Но возвратимся к фактам. Те, кто не вникает в глубь вещей, были чрезвычайно довольны тем, что Румянцев и Державин снова были приближены, Нелединский из ссылки был возвращен в сенат и множество офицеров вновь вступили на службу. Но слишком уж крута была эта перемена, слишком многих без всякого различия захватила эта перемена, так что всякий мыслящий человек невольно должен спросить себя, ради какой тайной цели была предпринята такая удивительная мера.
Каким образом примирить нелепую смелость окружить себя недовольными с тысячами разных предосторожностей, которые свидетельствовали об опасениях и беспокойстве? Каким образом могло случиться, что Павел угрожал неминуемой войною англичанам, которые, по его мнению, составили против него заговор, в то же время взял себе в поварихи англичанку, которая жила почти рядом с ним? Если все адские замыслы и не удались, то во всяком случае они показывают настойчивость в осуществлении задуманного плана и объясняют непонятное поведение императора.
Значение Кутайсова, этого необходимого для коалиции человека, возрастало со дня на день, точно так же, как и Палена. Публика с неудовольствием смотрела, как простого камердинера сделали обер-шталмейстером и украсили орденом Андрея Первозванного. Его любовница Шевалье приобрела огромное на него влияние и властно подчинила его себе. Вскоре она стала торговать местами, чинами и орденами: Весьма вероятно, что пришлось удалить Людовика вследствие ее интриг. Но в то время, как она покровительствовала французской партии, деятельно работала и другая тайная партия, партия английская.
Павел был в это время занят украшением своего Михайловского дворца. Стены были еще так сыры, что со всех сторон лилась вода, не смотря на то, что они были покрыты великолепными коврами. Враги старались уговорить императора не въезжать в новый дворец, но он обошелся с ними, как с глупцами, и тогда они пришли к заключению, что в нем можно жить. Этот дворец прежде всего должен был служить убежищем для государя против всякого покушения на него. Рвы, подъемные мосты, трудно проходимые коридоры, казалось, делали невозможной подобную попытку. Кроме того, Павел считал себя под непосредственным покровительством архангела Михаила, во имя которого была устроена во дворце церковь?

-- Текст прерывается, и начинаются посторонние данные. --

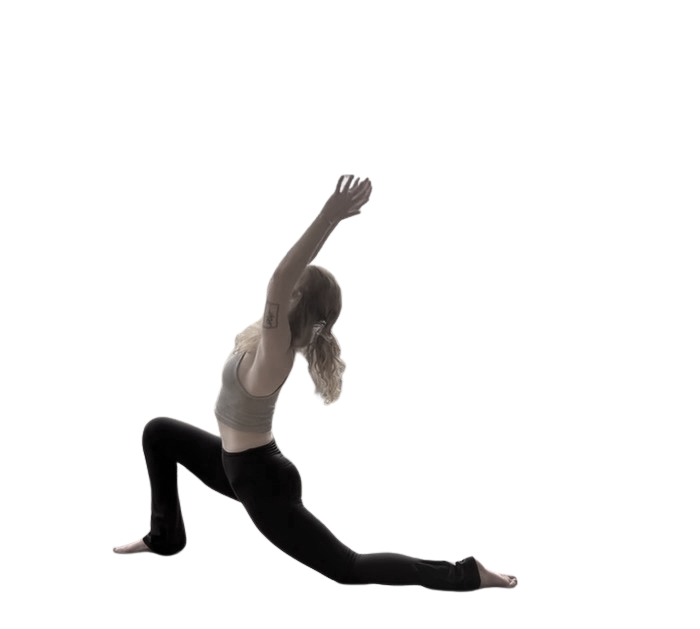 A woman practicing yoga in a low lunge pose with arms extended overhead.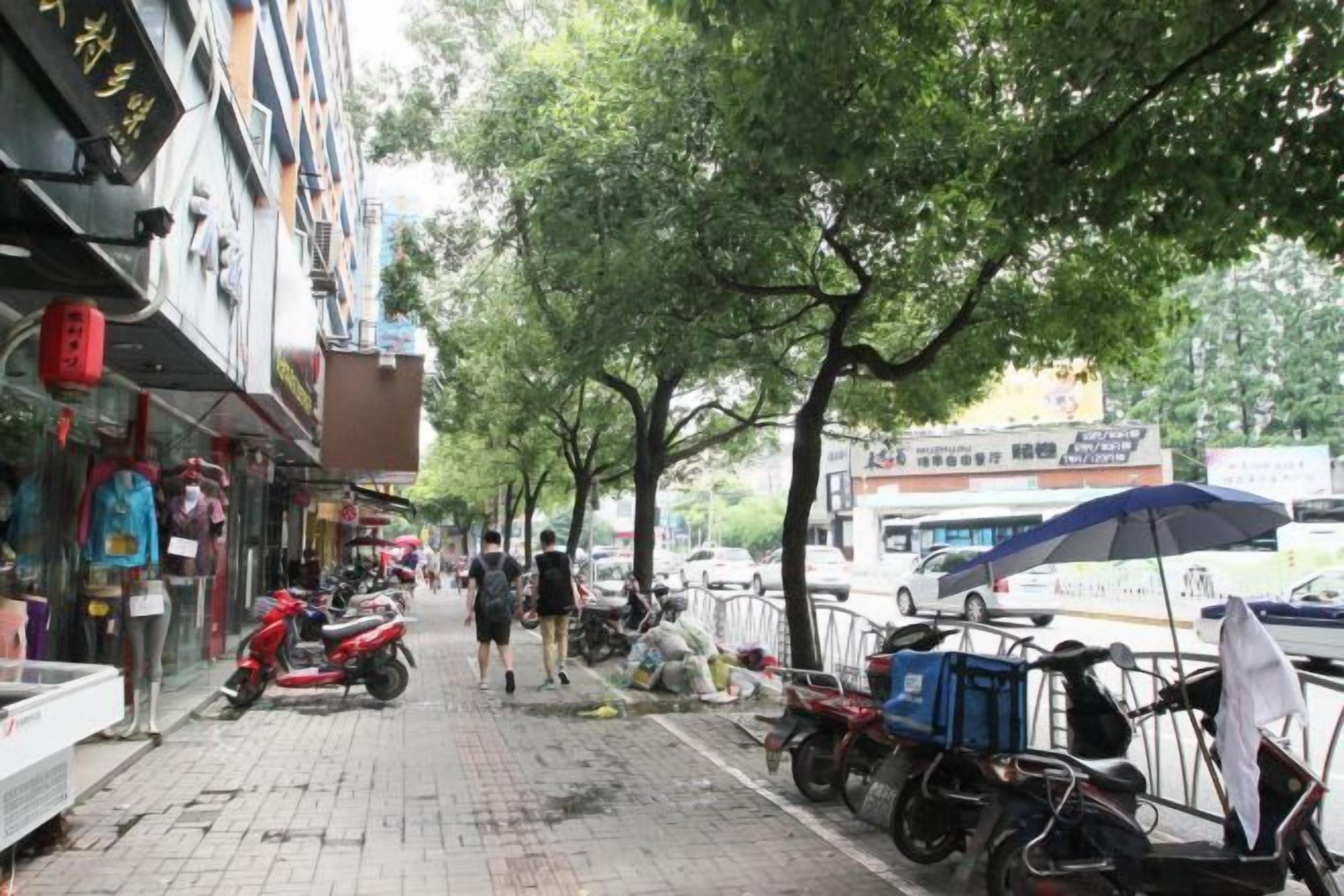 Un trottoir bordé de boutiques et de véhicules en stationnement, notamment des motos et des vélos.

Императрица схватила простуду в своих сырых апартаментах, но не смела жаловаться. Великий князь Александр жестоко страдал ревматизмом, как и весь двор. Один Павел чувствовал себя прекрасно и только и занимался, что украшением своего нового жилища, не предчувствуя, что он станет для него могилой, у Он порвал почти со всеми государствами Европы. Растопчин был уволен за попытку смягчить письмо английскому королю, которое продиктовал ему Павел. Было ли это обстоятельство действительным поводом или только предлогом для увольнения. Пален получил пост директора почт и таким образом сделался хозяином всех государственных и частных тайн. С этого времени он получил возможность руководить по своему желанию, решениями императора[12], который действовал всегда по первому впечатлению. Непосредственным приказом губернатору он мог приостановить поездку всякого лица, кто бы то ни был, и, наконец, достиг такой власти, при которой все должно было удаваться.
Пален не терял времени. Он открылся Зубовым, которые сгорали от честолюбия и ненависти к Павлу. Он воспламенил мстительность князя Яшвиля, которого, как говорят, император однажды в минуту раздражения ударил; вооружил Чичерина, Талызина, Татаринова и др. Чтобы дать сильнее почувствовать необходимость заговора, нашли способ внушить Павлу страх перед его женой и великим князем Александром. Однажды, во время парада, он даже старался держаться подальше от своих сыновей. Дверь своей спальни, которая вела в покои императрицы, он приказал заколотить.